Titian: His Life and the Golden Age of Venice. Sheila Hale
Titian meanwhile had made a second brief visit to the court of Alfonso’s nephew, Federico Gonzaga,19 the twenty-three-year-old 5th Marquis of Mantua. He went with Alfonso’s permission – it was normal practice for the two courts, which were so closely related by blood and geography, to exchange artists – but on the understanding that the completion of Bacchus and Ariadne and other works for the duke must take priority and he could therefore not stay for long in Mantua. He set off from Venice for Mantua on 26 January, carrying with him a letter of recommendation from Federico’s ambassador in Venice, Giambattista Malatesta:
Most Illustrious and Excellent Signor and my most cherished patron. The present bearer is maestro Ticiano, most excellent in his art, and also a modest and gentlemanly person in every respect, who has postponed many of his works of the moment to come to kiss the hand of Your Excellency, as you have deigned to request me. Whereby I cannot do otherwise than recommend him.
The letter was a formality. Federico had been asking Malatesta to invite Titian to his court since Christmas of the previous year, when he had hoped that ‘Maestro Tutiano pittor’ might spend the holidays with him. Titian had refused but promised the ambassador that he would certainly be in Mantua to kiss the hand of the marquis by the end of the first week in January. When he finally reached Mantua, late as usual, the marquis greeted him warmly, and before he reluctantly allowed him to depart for Ferrara ordered some work, which he seems to have wanted or needed to be done very soon. There is a note of urgency in the letter he wrote to his uncle on 3 February for delivery by Titian along with some presents; and its tone is very different from Alfonso’s temper tantrums:
Most Illustrious and excellent Lord Uncle – Having asked Titian, the bearer of these presents, to execute certain works for me, he declares that he cannot serve me at present because he has promised to do some things for Your Excellency which will take a long time.
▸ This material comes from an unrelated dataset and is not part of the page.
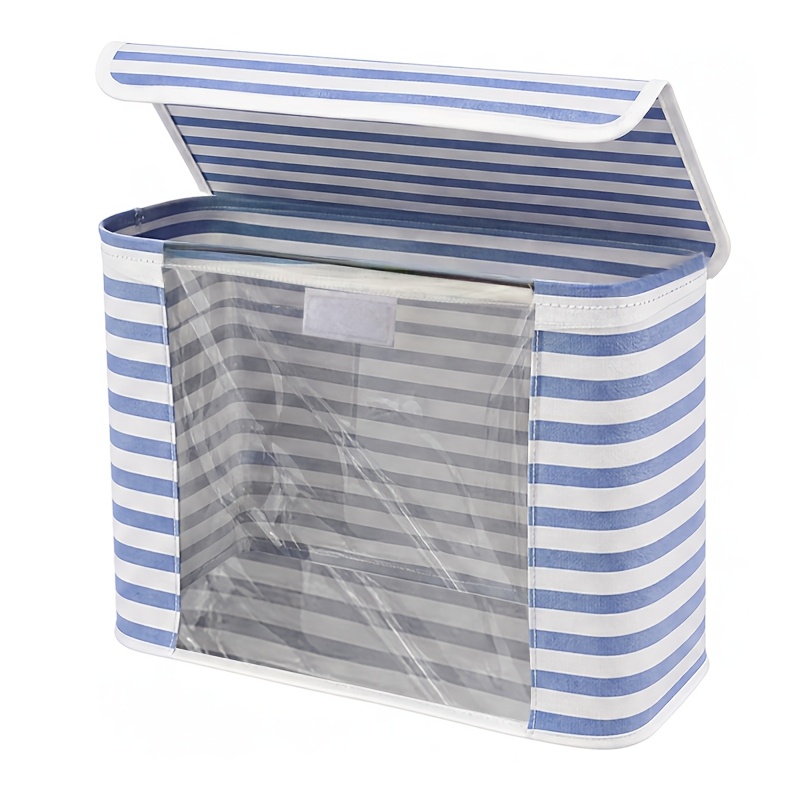 TEMU 24-liter Large-capacity Toilet Paper Storage Box, Multi-functional Paper Holder, Bathroom Accessory, Foldable Tissue Storage Basket, For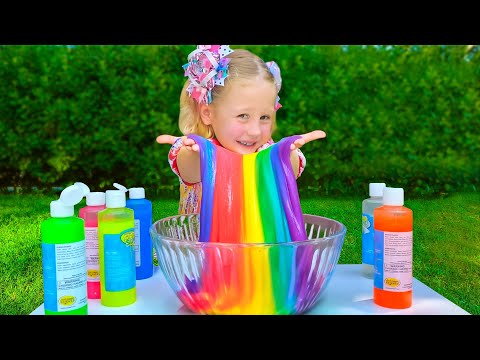 Nastya sta imparando a creare uno melma colorato - Raccolta di video per bambini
For this reason I send him to attend you. But I beg you to send him back at once to expedite the work that I want from him, which will take only a few days, and as soon as he has done that he will return to the service of Your Excellency, who will have done me a most singular favour, and to whom I stand greatly recommended.
Federico Gonzaga had come of age less than two years before Titian’s visit. Twenty-four years younger than his uncle Alfonso, he was a more sensitive, more self-indulgent and altogether more polished character. While he was still under the regency of his mother Isabella d’Este, Baldassare Castiglione, who would later be Federico’s ambassador in Rome, praised him in an early version of The Courtier as one of the most gifted of the sons of illustrious lords, ‘who may not have the power of their ancestors but make up for it in talent … In addition to his excellent manners and the discretion he shows at so tender an age he is said by those in charge of him to be wonderful in wit, desire for honour, courtesy and love of justice.’ He was a godson to Cesare Borgia, and as a boy of only ten had been sent, as a pledge for his father’s loyalty, to the magnificent court of Julius II, where he was pampered and indulged by the warrior pope and his cardinals. He developed a taste for luxury, especially the work of goldsmiths and jewellers, and his interest in painting was stimulated by the masterpieces by Michelangelo who was painting the ceiling of the Sistine Chapel, and by Raphael, who made a sketch of him in armour and included a portrait of him in the School of Athens. At seventeen his father had contracted for him a dynastic marriage to Maria Paleologo, the eight-year-old daughter of the Marquis of Montferrat, to be consummated when the bride reached fifteen in 1524. (By that time, however, Federico, who was a notorious womanizer, had conceived a passion for Isabella Boschetti, the wife of one of his courtiers.) He and his mother kept a palace in Venice, where they often went for pleasure and where Federico was a member of one of the companies of the hose.